Computer security researcher Seif Elsallamy has reported to Uber the presence of a security flaw in its mailing system. This would give anyone the opportunity to send an email on behalf of the company to more than 57 million users and drivers, reports BleedingComputer relayed by Phonandroid. The data of these accounts had indeed already been disclosed during a hack in 2016.
This flaw could thus prove to be particularly dangerous, emails sent in this way coming directly from the company and can therefore be easily mistaken for the real ones. These emails would even pass through the loopholes of the spam filter of the email services, being “technically speaking” legitimate. It is therefore the nature of the requests (information of bank details or sensitive data) that will have to be analyzed to avoid any scam.
A flaw discussed by Uber
Among the 57 million accounts potentially reachable in this way, we find in particular all the French Uber customers who were registered in 2016, i.e. 1.4 million users. At the time of this hack, the CNIL had thus condemned the company to a fine of 400,000 euros for having massively endangered the data of French users.

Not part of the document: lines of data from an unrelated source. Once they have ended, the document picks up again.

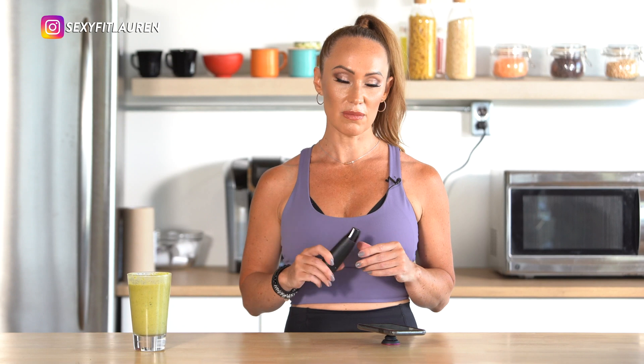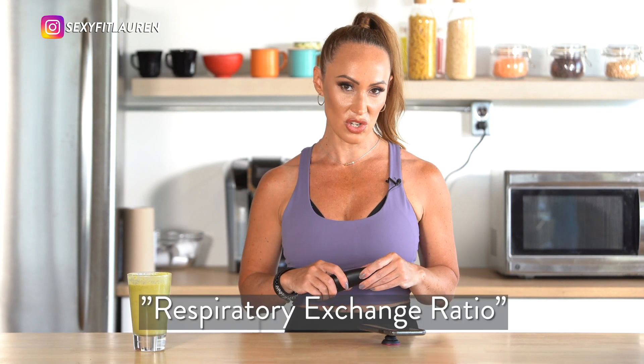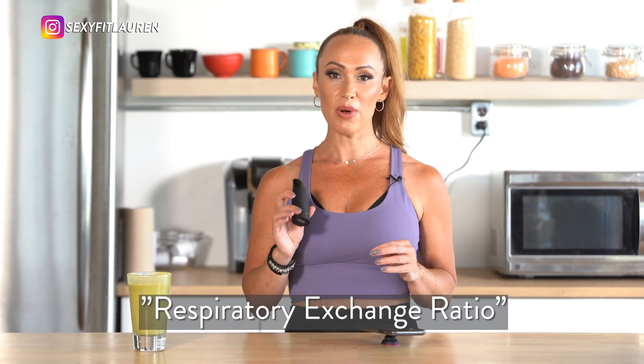The Lumen device measures your RER, which gives you a reading on how you're doing with your metabolism. RER is your respiratory exchange ratio. Lumen works by measuring a single breath. Within that breath it measures your CO2 and your flow. It has a flow meter which gives a reading based on a standard that tells you if you're burning carbohydrates or if you're burning fat.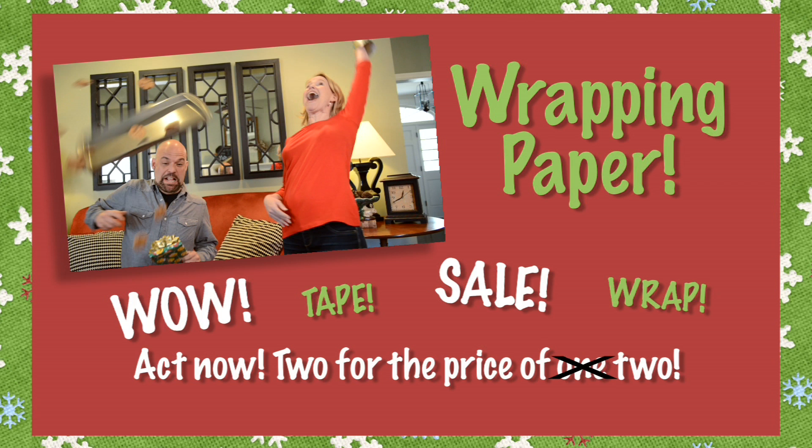Order your wrapping paper today and get two for the price of two. Wrapping paper only available while supplies last. Wrapping paper should be used to wrap gifts and not handle hot foods, parachute from high places, obstruct your vision, or be used to package liquids. Avoid in states where gift giving is illegal.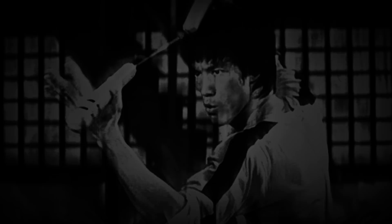Bruce Lee's JKD — the Corkscrew Punch. This is one of those punches that I'm going to learn from Ted Wong. It's also one of Ted's favorite techniques.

Informed of this flaw by the report sent by Seif Elsallamy, the company did not admit the existence of this security problem, believing that this flaw alone did not allow a hacker to send an email on behalf of the business. A reading disputed by Seif Elsallamy, who for his part assured that this access point allowed anyone to create an email on behalf of Uber. Note that this security problem had already been reported to the company by researchers Soufiane el Habti and Shiva Maharaj, without their obtaining a response.